VIENNA, June 7 (Reuters) – War in Libya, Qatari support for its rebel army and rivalries between Saudi Arabia and Iran need not scupper OPEC’s attempts to forge a new oil output deal in Vienna.

The 50 year-old group has held together through two Gulf wars involving its members and the protracted, bitter Iran-Iraq conflict that claimed the lives of hundreds of thousands. OPEC oil ministers still sat around the same table.

On Wednesday the 12 members of the Organization of the Petroleum Exporting Countries will draw on a tradition of finding common interest in staving off an oil price collapse or cooling an overheated market that can destroy demand for its multi-billion dollar exports.

While Arab world turmoil has complicated the quest for an output deal and could limit the scope of any agreement, analysts say it has also made it important for OPEC to muster a show of unity.

“Regional political issues are much further up the agenda for many countries than an OPEC meeting, but look at the solutions to those issues and they all boil back to the oil price,” said Lawrence Eagles of J P Morgan.

With prices around $115 a barrel for Brent, he said there could be an output increase to help meet an expected rise in demand and tightening of supply in the second half of this year, but the question was “how much?”.

On their arrival in Vienna, several ministers said very little, which in itself could be significant.

The representative of Iran, holder of the rotating OPEC presidency and the group’s second largest producer after Saudi Arabia, made a low-profile entrance through a hotel basement.

He resisted the opportunity for anti-Western rhetoric, telling awaiting reporters through an interpreter that OPEC would make a decision after its meeting had reached a consensus.

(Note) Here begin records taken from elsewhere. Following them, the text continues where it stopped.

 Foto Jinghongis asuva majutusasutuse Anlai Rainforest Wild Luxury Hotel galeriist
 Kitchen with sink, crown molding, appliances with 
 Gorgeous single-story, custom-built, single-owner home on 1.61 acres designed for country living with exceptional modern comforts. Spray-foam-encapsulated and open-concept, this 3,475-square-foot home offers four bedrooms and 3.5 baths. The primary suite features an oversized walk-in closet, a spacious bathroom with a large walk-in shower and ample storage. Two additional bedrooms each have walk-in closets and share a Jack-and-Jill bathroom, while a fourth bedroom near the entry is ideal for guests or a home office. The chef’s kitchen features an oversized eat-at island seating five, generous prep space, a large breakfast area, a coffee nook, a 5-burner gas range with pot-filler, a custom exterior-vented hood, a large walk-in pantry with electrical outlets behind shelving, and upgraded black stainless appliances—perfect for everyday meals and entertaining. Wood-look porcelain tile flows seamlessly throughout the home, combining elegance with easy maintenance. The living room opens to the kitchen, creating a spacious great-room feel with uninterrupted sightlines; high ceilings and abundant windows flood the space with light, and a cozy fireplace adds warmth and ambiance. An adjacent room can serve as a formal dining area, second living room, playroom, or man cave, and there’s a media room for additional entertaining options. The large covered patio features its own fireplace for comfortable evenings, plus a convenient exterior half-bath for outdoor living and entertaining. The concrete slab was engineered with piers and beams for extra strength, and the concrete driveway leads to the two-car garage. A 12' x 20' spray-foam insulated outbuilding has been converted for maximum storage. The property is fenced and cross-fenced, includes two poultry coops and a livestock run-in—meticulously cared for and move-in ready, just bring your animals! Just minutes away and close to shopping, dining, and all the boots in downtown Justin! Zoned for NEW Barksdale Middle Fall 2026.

The risk rivalries would spill over into the Vienna OPEC meeting mounted when Iran’s President Mahmoud Ahmadinejad sacked his oil minister and seized control of his ministry.

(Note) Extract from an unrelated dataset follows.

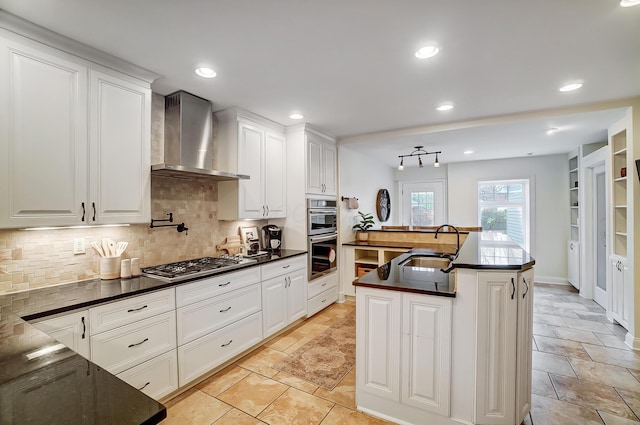 kitchen featuring sink, stainless steel appliances, wall chimney range hood, an island with sink, and white cabinets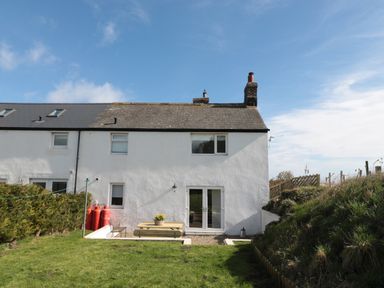A white two-story house with a sloped roof a small patio area with a picnic table and flower pot and a grass lawn at Little Haven in Bamburgh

But Ahmedinejad later appointed his close political ally Mohammad Aliabadi as caretaker oil minister after parliament and Iran’s constitutional watchdog said the president had no right to head the ministry.

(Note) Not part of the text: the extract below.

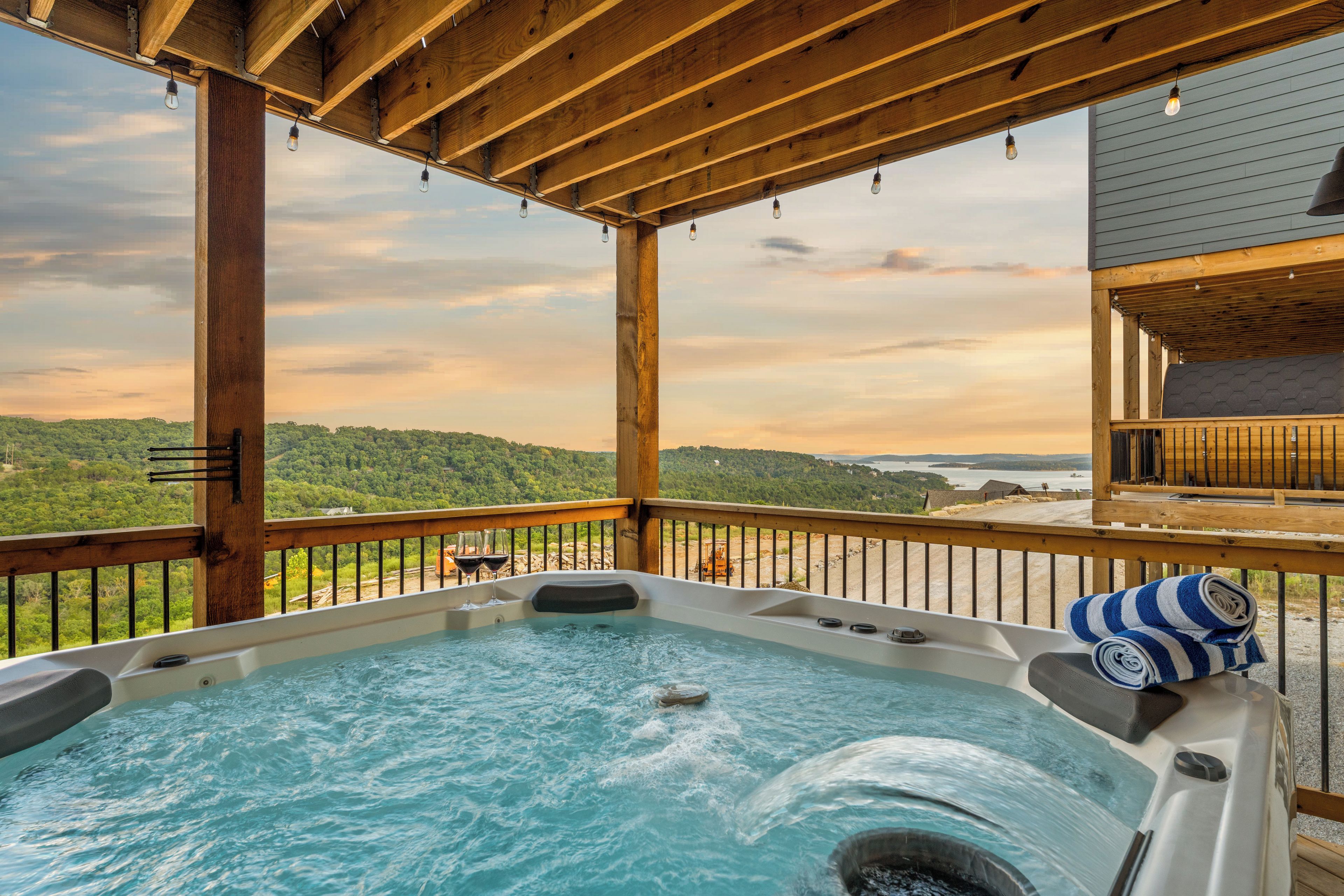 A hot tub on a wooden deck with a view of a forested landscape.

Aliabadi, whose last job was head of Iran’s Olympic Committee, has scant experience of oil.

Half the other ministers and country representatives who will be sitting with him around the negotiating table in Vienna are also new to the job, including Omran Abukraa, Libya’s OPEC delegation head following the defection of top oil official Shokri Ghanem last week.

No-one was expected to represent the Libyan rebels, removing one possible source of tension, although Abukraa could find himself at odds with Qatar, which has helped the rebels to market oil.



In the context of so many new OPEC faces, Saudi Arabian Oil Minister Ali al-Naimi’s status as the elder statesman is more established than ever.

“There is only one vote that counts in OPEC and it is Saudi Arabia’s,” said Sadad al-Husseini, an oil analyst and former top official at oil giant Saudi Aramco.

Whatever OPEC agrees on Wednesday, it remains the case that Saudi Arabia, the guardian of most of the world’s spare output capacity, can continue its policy of adjusting supply to meet demand, moderating prices and ensuring future customers for its vast oil reserves.

Already, Saudi Arabia plans to raise its production sharply this month. That leaves it up to other producers to decide whether to give tacit support by agreeing to an increase from the group as a whole, which would be the first formal rise since 2007 and the first policy change since December 2008 when OPEC decided on a record supply cut.

The easiest option would be to make official leakage of well over one million barrels per day above the targets agreed in 2008 as the oil price crashed below $40 a barrel.

With prices well above $100, even Shi’ite Iran, which has long supported much higher prices than Sunni Saudi Arabia, might be willing to overlook political differences and agree a production change that is only a confirmation of the status quo.

But a formal output increase that officially adds new oil supplies would be a much grander gesture for both politics and oil markets.